A few years ago, a client came to Avanade looking to redesign their website and help purchasing managers decide what product to buy. Although the client was certain we should design for the purchasing manager, design thinking methods to understand the purchasing process—like personas and user journeys—revealed purchasing managers were the least important audience. Rather, we designed for the technical engineer and boosted leads, organic traffic, and search positioning, all by double-digits.
Design thinking can help any team—teams like yours—make better decisions by countering the group biases that plague decision-making with incomplete or wrong data, misaligned criteria, and the wrong set of options.
Making better decisions
In “7 Strategies for Better Group Decision-Making”, Torben Emmerling and Duncan Rooders from Affective Advisory offer advice on how groups can make better decisions and avoid common bias traps.
Small groups for important decisions
Heterogenous groups (most of the time)
Strategic dissent
Generate ideas and feedback independently or anonymously
Provide a safe space for discussion
Treat experts as an input
Share collective responsibility
Strikingly, Rooders and Emmerling’s advice aligns with design thinking and workshop best practices.
It’s easy to forget workshop best practices. How many times have you or your team burned a day working through some issue only to emerge with nothing concrete to show for your effort?
Design Thinking workshops are for decisions. When you leave a workshop, you want to say: we explored this issue, have collectively come to this conclusion, and believe this is a better option than all the others.
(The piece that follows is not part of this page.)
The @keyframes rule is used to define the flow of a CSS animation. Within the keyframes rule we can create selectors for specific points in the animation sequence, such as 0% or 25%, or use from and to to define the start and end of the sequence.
Design thinking counters negative biases
People describe design thinking with the Design Council’s double diamond and highlight its two, key structures:
Problem framing and solution framing as separate areas of focus
Divergence and convergence as core activities
11 practical tools and 100s of tips from the trenches so agile, remote teams can build better products: Collaborative Product Design.
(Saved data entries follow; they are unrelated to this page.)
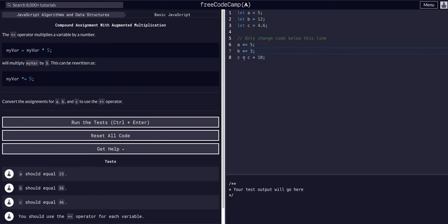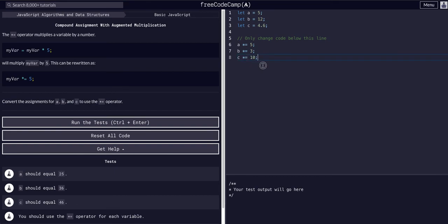Instead of saying c equals c times ten, we can just say c times equals ten. And that's the exact same thing as what we had previously.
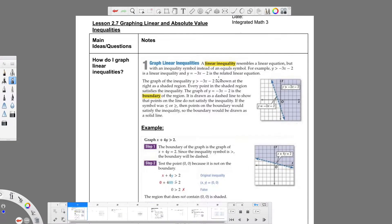Alright, so we are in Chapter 2, Section 7 for IM3: Graphing Linear and Absolute Value Inequalities. This one has quite a few pages, as you can see at the bottom. I kind of gave each problem its own page to hopefully make it a little bigger so that we can complete some of this absolute value and inequality graphing.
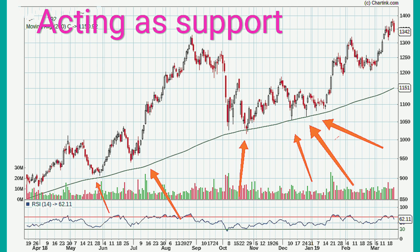The moving average acts as support and resistance. The 20 moving average represents the short-term trend. The 50 moving average represents the medium-term trend, and the 200 moving average represents the long-term trend. The moving average can act as resistance as well, for both stocks and indices.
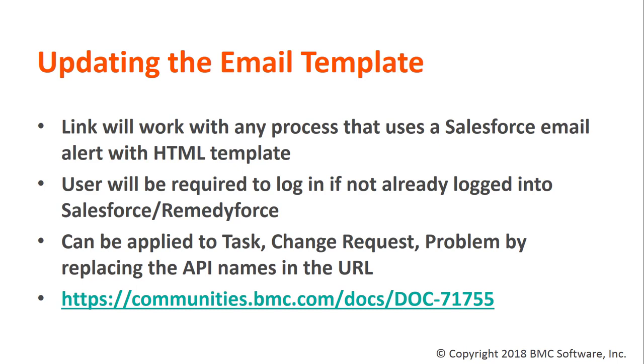Third, the URL in the email template can be applied to other modules: tasks, change requests, and problem, simply by replacing the API names in the URL.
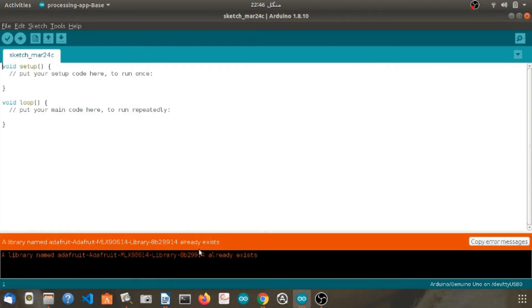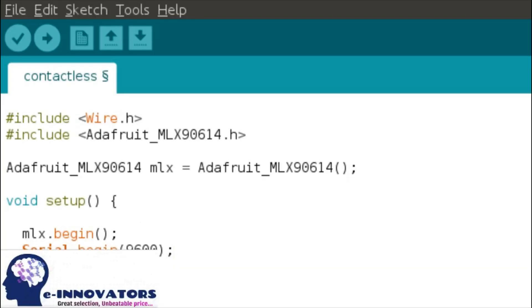As I have already installed this particular library before on my Arduino IDE, this statement appears on the screen. Now let's move on to the programming part of this sensor.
The Design Council’s double diamond illustrates how they apply design thinking to drive innovation
The Design Council described design thinking in terms of what you do to make better decisions. The double-diamond’s structure creates a set of discussions and activities that work against, account for, and overcome group bias, so groups can come to better decisions.
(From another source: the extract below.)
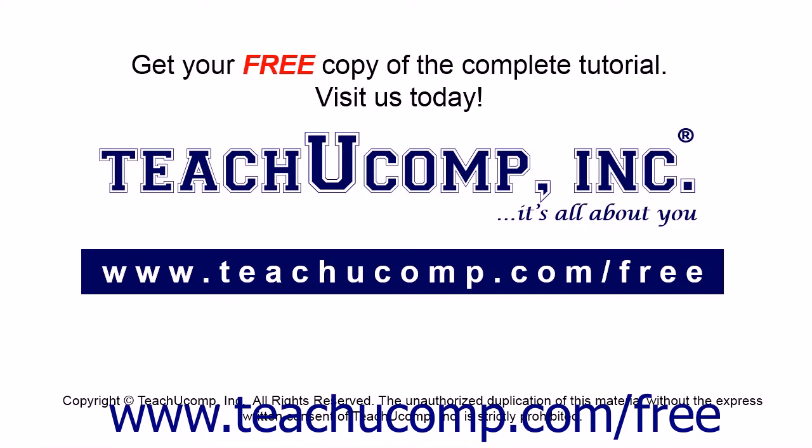Get your free copy of the complete tutorial at www.teachucomp.com forward slash free.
Unlike the Design Council who describe design thinking in terms of what you do, Stanford’s d.school describes each phase by its objective, what you want to accomplish:
Empathize
Define
Ideate
Prototype
Test
The d.school’s process focuses on the objective of each phase to describe how you get to innovation.
Like the double diamond’s structure, the objectives of each phase step through thoughtful approaches designed to counter group bias, so groups can come to better decisions.
“Creativity” as an analytical process
Design thinking as a practice is an analytical method that counters group bias and generates better decisions. Design thinking’s structure forces groups to:
examine base assumptions
understand the landscape and systems at play
identify clear criteria to support the decision, and
test the decision at lower investment with lower risk
As design thinking oscillates between analysis and synthesis, it takes the best approaches from both to counter the weaknesses of both. Groups make better decisions. They understand how and why they made them. As a bonus, the understanding of how and why the group made a decision fuels double-loop learning, critical to system and process improvement over time.
Its unfortunate we limit design thinking to a rarified process for coming up with new ideas and solutions. The objective of all design thinking is to identify a better option. As a core organizational function, design drives better decisions and outcomes, whether its in the workshop or the board room. At its heart, design thinking is a decision making process.